Esta semana sugerí en Twitter que la justicia evalúe el arresto domiciliario para el excongresista Víctor Albrecht, investigado por su presunta pertenencia a la organización criminal Rich Port II y para quien -al igual que para el ex alcalde del Callao, Juan Sotomayor- la Fiscalía ha pedido 36 meses de prisión preventiva.

No tengo dudas de que Albrecht cometió delitos y que al hurgar en las fundamentadas sospechas que tiene el MP, el PJ podrá corroborar que Sotomayor y Albrecht lideraron una malhadada red de empleados fantasmas que se levantó en peso los escasos recursos del concejo chalaco -y el de sus esforzados contribuyentes-, que mutaron en un par de bandoleros de incalificable calaña y que encabezaron por años un sofisticado engranaje de corrupción. Lo que advertí en la red social, no obstante, es que todo indica que Albrecht padece de cáncer.

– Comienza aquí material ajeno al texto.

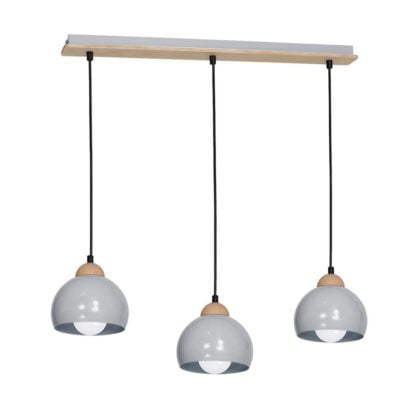 Lampa wisząca Dama Grey MILAGRO styl nowoczesny metal drewno szary MLP6350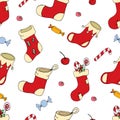 Seamless pattern with red socks for the new year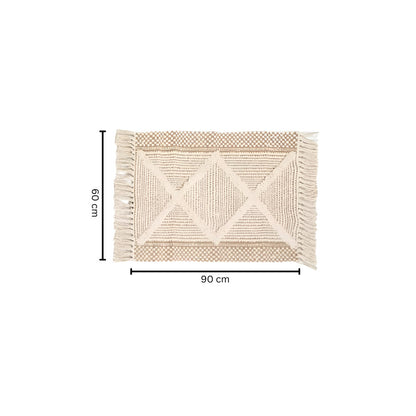 Tassel Rug Microfiber Blend 3D Tufted Machine Washable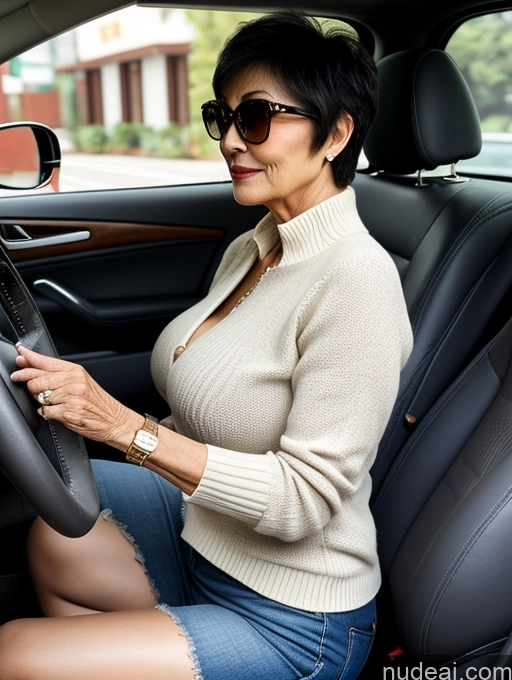 ai nude image of woman in a car with a steering wheel and sunglasses on pics of Milf Two Perfect Boobs Beautiful Perfect Body Short Hair 70s Chinese Bra Casual Professor Sweater Cleavage Detailed Sexy Face Side View Car Sunglasses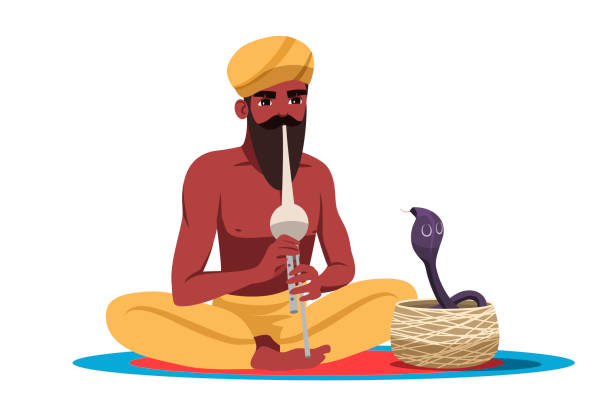 Bearded indian snake charmer isolated on white Bearded indian snake charmer isolated on white background. Snake cobra dance during musician playing on pipe flute. Man trainer wearing traditional turban and pants sitting in lotus position snakes beard stock illustrations
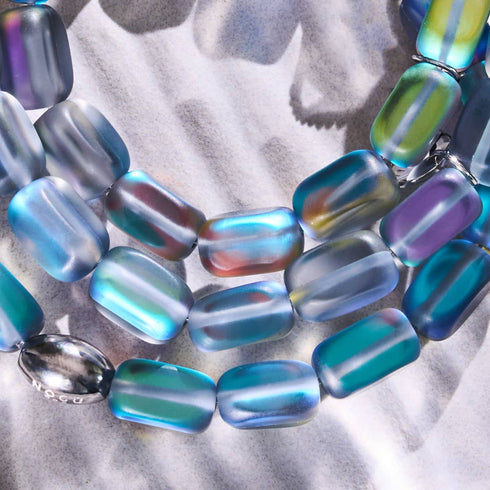 Gris | Argent sterling .925 | Bracelet Galet de Verre Sirène
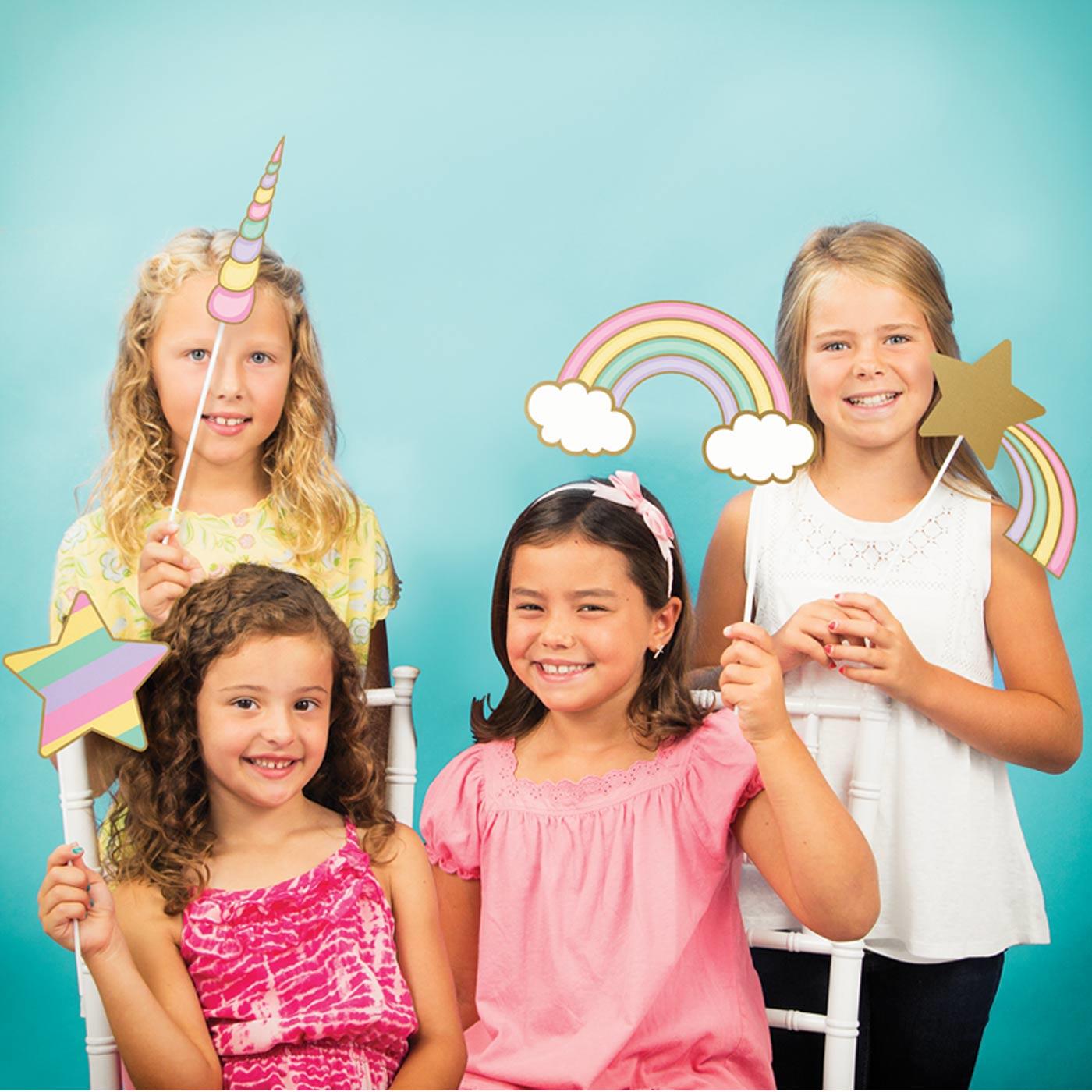 Girl's Unicorn Party Sparkle Photo Booth Props 10pc Set by Creative Party 329308 available in the UK here at Karnival Costumes online party shop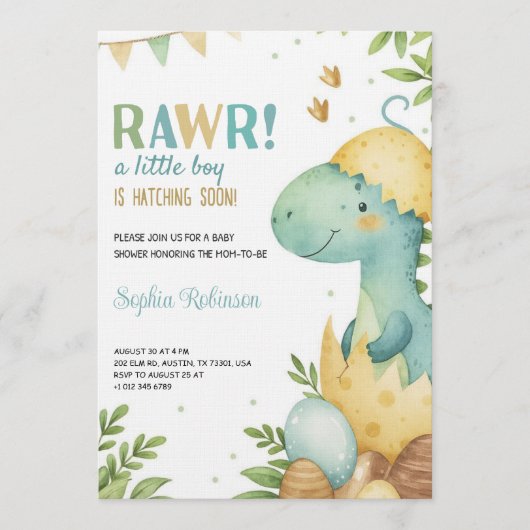 Baby shower invitation featuring a dinosaur  招待状 (正面)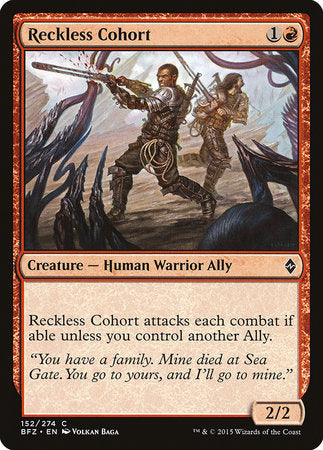Reckless Cohort [Battle for Zendikar] | Gate City Games LLC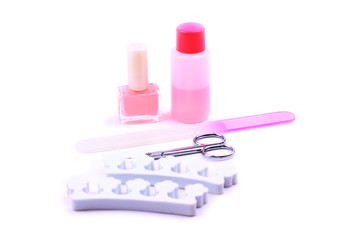 Naklejka premium Pedicure kit isolated on white background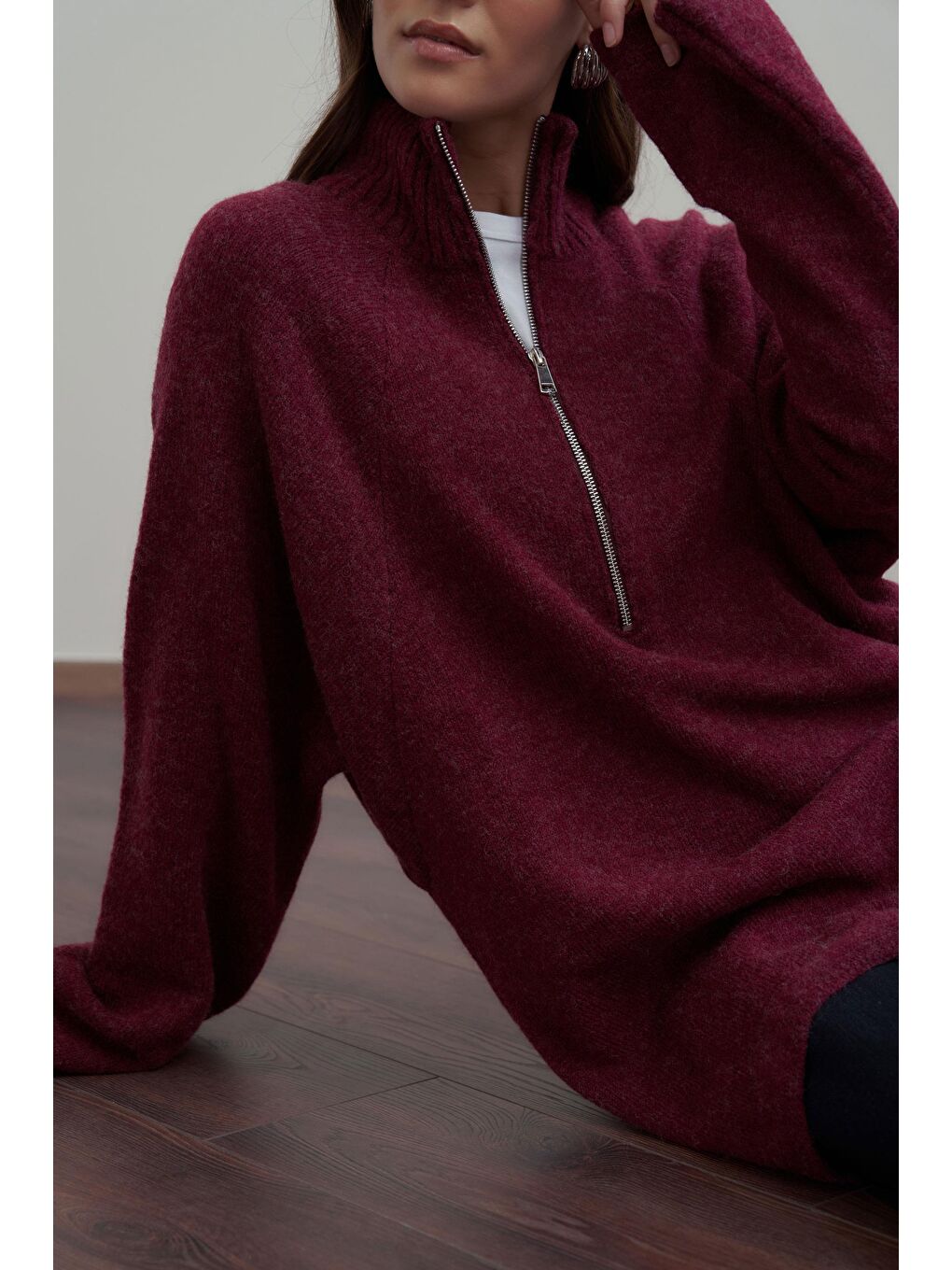 Bordo-Yarım Fermuarlı Kazak-6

Mide 1.93 cm. y pesa 63 kg. Ha sido operado y le han extraído 20 cm. de colon. El hombre robusto de 49 años que presidió la Comisión Lava Jato es hoy un espectro que pasea su alma sin vigor y arriesga la vigencia de su organismo en una mazmorra pestilente. Lo que propuse es que si el diagnóstico se ratifica, que purgue cárcel en su casa sería una decisión que colocaría al sistema en los niveles de humanidad que el caso requiere pues enviarlo a prisión sería una virtual sentencia de muerte.

Lo que me sorprendió fueron las respuestas llenas de rencor, de desprecio y revancha que justifican y celebran la cárcel para Albrecht aún en esas severas condiciones. Me alarmó la obstinación de no entender que si el Estado no ejerce su superioridad moral y su carácter altruista, lo único que logrará será satisfacer el arrebato de los persecutores del odio y resentir los frágiles andamiajes institucionales de la sociedad. Sobresalta el encono irreductible, la perversidad categórica, la inquina visceral. Inquieta, además, que de esa chicha de jora de indolencia también beban jueces y fiscales.

Un sector del país está enfermo y ha permitido que sus disputas políticas y sus guerras ideológicas contaminen su alma. Algún día la sicología colectiva debería echar al país en un diván, exorcizar nuestros traumas y evitar así que en un futuro no muy lejano explote el fermento de un peligroso coctel social.